* **YOUR GOAL**
Only certain lines below are wanted: those starting at the line containing "Vintage LL Bean" and ending at the line containing "red hearts in a row on a white background", both included, each retyped exactly.

* **Records from a dataset**

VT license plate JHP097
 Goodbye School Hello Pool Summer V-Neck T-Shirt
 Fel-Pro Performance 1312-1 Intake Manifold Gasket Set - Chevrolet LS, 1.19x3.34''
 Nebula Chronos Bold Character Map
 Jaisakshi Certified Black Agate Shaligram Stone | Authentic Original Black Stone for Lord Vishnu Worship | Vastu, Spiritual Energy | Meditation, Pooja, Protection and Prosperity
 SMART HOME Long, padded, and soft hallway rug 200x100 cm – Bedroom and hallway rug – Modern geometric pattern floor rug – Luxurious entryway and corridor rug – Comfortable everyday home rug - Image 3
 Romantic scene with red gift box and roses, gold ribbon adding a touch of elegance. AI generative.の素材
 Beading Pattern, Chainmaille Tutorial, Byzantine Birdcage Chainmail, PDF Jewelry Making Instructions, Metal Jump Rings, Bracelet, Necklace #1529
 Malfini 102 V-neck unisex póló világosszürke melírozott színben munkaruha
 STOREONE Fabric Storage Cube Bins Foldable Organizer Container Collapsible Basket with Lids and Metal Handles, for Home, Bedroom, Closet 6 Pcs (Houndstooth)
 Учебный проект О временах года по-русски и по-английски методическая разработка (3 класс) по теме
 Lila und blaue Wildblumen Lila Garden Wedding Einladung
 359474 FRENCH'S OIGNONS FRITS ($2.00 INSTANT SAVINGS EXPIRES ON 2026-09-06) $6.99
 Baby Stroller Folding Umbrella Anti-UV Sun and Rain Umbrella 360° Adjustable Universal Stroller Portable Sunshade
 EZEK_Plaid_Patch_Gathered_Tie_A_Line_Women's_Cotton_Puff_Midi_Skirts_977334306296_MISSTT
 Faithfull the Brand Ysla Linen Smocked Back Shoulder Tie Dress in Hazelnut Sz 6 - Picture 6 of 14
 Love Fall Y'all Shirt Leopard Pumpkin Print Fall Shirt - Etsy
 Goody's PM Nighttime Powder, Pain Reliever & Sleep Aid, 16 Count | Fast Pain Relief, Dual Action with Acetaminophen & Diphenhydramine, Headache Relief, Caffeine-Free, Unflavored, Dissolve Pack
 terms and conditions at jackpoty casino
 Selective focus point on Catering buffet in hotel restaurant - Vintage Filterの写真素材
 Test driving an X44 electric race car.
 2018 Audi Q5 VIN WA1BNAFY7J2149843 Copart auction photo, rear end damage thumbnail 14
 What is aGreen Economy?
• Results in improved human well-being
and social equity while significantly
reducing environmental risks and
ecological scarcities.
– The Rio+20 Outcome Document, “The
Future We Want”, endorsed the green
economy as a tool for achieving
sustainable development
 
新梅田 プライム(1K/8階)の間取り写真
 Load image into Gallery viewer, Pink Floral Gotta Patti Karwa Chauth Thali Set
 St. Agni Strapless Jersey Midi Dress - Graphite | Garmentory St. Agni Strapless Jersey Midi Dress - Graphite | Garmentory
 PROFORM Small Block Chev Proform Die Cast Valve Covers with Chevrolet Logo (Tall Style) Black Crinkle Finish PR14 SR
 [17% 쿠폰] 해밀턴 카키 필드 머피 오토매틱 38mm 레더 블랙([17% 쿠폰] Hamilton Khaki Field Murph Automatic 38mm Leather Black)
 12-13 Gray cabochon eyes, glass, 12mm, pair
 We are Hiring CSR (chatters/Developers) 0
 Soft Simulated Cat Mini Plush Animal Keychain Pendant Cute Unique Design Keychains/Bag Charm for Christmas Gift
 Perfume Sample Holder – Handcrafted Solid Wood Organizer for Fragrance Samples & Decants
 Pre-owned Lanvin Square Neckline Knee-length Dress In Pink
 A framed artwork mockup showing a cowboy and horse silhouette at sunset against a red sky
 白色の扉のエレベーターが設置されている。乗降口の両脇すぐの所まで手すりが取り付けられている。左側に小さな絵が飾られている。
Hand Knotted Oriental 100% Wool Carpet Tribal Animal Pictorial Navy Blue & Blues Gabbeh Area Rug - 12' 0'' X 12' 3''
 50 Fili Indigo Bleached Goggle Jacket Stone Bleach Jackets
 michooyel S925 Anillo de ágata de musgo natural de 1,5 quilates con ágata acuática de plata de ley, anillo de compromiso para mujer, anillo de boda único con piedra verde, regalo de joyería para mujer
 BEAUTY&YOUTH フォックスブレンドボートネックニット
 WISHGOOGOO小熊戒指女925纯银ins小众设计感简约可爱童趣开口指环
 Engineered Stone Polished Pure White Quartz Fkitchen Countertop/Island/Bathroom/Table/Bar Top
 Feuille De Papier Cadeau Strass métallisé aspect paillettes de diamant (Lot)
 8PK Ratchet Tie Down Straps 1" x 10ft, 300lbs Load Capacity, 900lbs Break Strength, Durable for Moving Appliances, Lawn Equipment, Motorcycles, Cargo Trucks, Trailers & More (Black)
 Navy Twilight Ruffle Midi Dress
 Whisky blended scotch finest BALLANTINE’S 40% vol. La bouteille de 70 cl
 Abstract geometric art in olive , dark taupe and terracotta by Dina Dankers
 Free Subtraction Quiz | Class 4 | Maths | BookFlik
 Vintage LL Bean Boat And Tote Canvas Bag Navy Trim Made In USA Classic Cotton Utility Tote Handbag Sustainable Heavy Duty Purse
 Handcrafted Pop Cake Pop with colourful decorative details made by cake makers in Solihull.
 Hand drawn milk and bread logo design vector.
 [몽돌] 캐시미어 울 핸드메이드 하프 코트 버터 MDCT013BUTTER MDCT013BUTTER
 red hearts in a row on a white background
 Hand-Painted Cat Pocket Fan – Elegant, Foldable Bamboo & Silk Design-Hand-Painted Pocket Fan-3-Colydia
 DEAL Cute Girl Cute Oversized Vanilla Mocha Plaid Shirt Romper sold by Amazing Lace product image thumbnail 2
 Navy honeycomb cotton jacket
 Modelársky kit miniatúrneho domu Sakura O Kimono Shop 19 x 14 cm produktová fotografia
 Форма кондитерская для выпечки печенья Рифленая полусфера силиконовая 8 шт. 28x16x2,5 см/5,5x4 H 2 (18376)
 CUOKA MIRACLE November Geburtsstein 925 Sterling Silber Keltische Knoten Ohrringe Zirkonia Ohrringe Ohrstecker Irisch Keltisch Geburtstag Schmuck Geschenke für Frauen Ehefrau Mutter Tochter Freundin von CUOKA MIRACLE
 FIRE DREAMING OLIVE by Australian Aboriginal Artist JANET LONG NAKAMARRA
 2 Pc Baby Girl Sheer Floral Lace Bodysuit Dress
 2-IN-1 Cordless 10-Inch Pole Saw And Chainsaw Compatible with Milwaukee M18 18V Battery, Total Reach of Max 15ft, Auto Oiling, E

* **TASK RESULT**
 Vintage LL Bean Boat And Tote Canvas Bag Navy Trim Made In USA Classic Cotton Utility Tote Handbag Sustainable Heavy Duty Purse
 Handcrafted Pop Cake Pop with colourful decorative details made by cake makers in Solihull.
 Hand drawn milk and bread logo design vector.
 [몽돌] 캐시미어 울 핸드메이드 하프 코트 버터 MDCT013BUTTER MDCT013BUTTER
 red hearts in a row on a white background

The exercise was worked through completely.